Даже после того, как в том же 1718-м с подачи обер-комиссара Петербурга князя Алексея Черкасского, который сумел убедить Петра, что рабский труд обходится дороже вольнонаёмного, людская развёрстка по городам начала сокращаться и в 1721-м натуральная трудовая повинность была окончательно отменена, – даже после этого «без каторжников, военнопленных, солдат, работных команд из крестьян, мастеровых “вечного житья" стройка не обходилась…» [7. С. 125].
…Предельно кратко аттестовал деятельность Петра русский историк Александр Кизеветтер: террор [25. С. 635]. Именно такой виделась первая четверть XVIII столетия не только с высоты позднейших времён, но и в сравнении с предыдущим царствованием – Алексея Михайловича. Тогда смертная казнь была предусмотрена в 60 статьях российского законодательства, а при Петре I – в 90; и это не считая множества петровских указов, которые за малейшее прегрешение тоже карали смертью. В течение 26 лет правления «тишайшего» царя Алексея по политическим делам было репрессировано несколько сотен человек, а за петровские 36 лет (фактически 29) – свыше 60 тысяч. При Алексее об уменьшении жителей страны и речи быть не могло, в результате же петровских преобразований исчезла минимум пятая часть тяглого населения – две трети погибли, а ещё 200 тысяч (по официальным, а значит, далеко не полным данным 1720-х годов) находились в бегах. Многие бежали и с петербургской стройки. Вот ещё одно документальное свидетельство, которое приводит Пётр Столпянский: «А которые работные люди были на Тосне реке, ныне все разбежались…» [30. С. 39].
В общем, как говаривал шут матери маленькой девочки Анны, племянницы Петра и будущей царицы Анны Иоанновны, «нам, русским, хлебушка не надо, мы друг друга поедом едим» [1. С. 93].
Параллельные заметки. По иным источникам, примерно то же говаривал петербургский юродивый первой половины XVIII века Тихон Архипович: «Нам, русским, не надобен хлеб; мы друг друга едим и с того сыты бываем» [14. С. 473]. Позже это присловье стали приписывать Артемию Волынскому, современнику Анны Иоанновны [17. С. 108]. Скорей всего, и историческая легенда, и выдающийся историк не грешат против истины, приписывая схожее высказывание разным людям.
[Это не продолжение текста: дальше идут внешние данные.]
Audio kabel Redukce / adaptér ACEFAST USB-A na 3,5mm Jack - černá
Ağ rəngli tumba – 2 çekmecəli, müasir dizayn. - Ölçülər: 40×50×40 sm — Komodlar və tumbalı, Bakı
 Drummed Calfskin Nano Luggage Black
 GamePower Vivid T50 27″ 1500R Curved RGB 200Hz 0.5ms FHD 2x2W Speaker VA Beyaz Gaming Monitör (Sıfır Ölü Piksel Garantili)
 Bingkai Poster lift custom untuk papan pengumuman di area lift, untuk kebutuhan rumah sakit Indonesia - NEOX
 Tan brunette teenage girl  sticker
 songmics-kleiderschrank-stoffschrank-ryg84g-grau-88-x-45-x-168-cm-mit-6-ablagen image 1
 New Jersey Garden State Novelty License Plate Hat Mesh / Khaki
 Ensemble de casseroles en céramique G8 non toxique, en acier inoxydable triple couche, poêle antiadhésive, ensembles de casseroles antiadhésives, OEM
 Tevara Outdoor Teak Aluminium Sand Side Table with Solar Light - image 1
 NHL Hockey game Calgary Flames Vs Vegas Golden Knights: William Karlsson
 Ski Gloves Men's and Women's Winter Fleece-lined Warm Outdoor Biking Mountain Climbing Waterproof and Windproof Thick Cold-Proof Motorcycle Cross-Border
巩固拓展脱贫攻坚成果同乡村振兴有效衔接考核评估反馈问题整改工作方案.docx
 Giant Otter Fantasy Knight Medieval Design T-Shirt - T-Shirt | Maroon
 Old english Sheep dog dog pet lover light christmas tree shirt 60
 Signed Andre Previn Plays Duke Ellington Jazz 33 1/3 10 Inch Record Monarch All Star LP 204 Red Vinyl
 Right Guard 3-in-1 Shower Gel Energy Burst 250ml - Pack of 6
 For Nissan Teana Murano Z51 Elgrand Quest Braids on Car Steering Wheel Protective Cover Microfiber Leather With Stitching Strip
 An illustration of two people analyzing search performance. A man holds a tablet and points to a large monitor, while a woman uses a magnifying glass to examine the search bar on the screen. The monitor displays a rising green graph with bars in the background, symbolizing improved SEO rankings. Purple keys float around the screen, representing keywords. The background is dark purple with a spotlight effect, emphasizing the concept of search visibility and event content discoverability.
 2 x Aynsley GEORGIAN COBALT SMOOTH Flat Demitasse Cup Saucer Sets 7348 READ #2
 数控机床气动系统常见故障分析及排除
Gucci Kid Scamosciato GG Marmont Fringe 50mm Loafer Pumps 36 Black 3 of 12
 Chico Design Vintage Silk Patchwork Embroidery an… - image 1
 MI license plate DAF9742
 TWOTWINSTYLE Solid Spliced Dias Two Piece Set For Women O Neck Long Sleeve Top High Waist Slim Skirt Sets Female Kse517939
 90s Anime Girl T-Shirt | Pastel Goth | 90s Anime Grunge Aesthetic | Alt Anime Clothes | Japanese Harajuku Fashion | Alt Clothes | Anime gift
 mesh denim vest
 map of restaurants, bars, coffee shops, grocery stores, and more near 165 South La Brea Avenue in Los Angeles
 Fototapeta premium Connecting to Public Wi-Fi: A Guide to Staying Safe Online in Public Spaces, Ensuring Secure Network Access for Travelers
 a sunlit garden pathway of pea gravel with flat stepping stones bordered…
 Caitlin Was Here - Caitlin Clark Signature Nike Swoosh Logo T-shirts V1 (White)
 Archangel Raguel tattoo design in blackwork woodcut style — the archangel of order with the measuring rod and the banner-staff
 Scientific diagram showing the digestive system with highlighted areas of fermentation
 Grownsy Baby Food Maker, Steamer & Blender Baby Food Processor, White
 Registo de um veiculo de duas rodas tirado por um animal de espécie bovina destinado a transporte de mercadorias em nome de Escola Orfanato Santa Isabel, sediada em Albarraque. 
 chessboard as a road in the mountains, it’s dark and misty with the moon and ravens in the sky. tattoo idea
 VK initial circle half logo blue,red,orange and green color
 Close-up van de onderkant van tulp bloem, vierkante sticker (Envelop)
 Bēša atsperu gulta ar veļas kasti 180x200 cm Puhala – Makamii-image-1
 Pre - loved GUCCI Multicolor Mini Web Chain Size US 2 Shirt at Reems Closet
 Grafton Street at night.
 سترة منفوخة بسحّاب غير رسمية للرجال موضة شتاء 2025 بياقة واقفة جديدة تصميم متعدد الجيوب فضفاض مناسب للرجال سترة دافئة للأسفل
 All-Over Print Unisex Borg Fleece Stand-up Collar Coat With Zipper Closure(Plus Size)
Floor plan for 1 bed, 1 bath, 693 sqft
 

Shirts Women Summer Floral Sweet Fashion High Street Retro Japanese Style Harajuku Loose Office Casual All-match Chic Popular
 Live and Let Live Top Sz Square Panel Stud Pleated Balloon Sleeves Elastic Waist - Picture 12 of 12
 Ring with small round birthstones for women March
Видимо, то была народная поговорка, которая запомнилась на века, ибо чуть не в каждую эпоху сохраняла свою актуальность.
Что же касается упорного нежелания апологетов Петра I признать, что в первой четверти XVIII века Петербург строился ««на костях человеческих», то оно чаще всего продиктовано псевдопатриотизмом, для которого факты массового убийства властями своего народа или чужого (достаточно вспомнить многолетнее нежелание подтвердить ответственность советского режима за Катынскую трагедию) – не что иное, как очернение отечественной истории. Но История имеет настолько почтенный возраст, что румяна ей не нужны, они её лишь уродуют. Если нация, вместо того чтобы выучить исторический урок, пытается делать вид, будто такого урока вовсе и не было, История в отместку наказывает весь народ повторением прошлого.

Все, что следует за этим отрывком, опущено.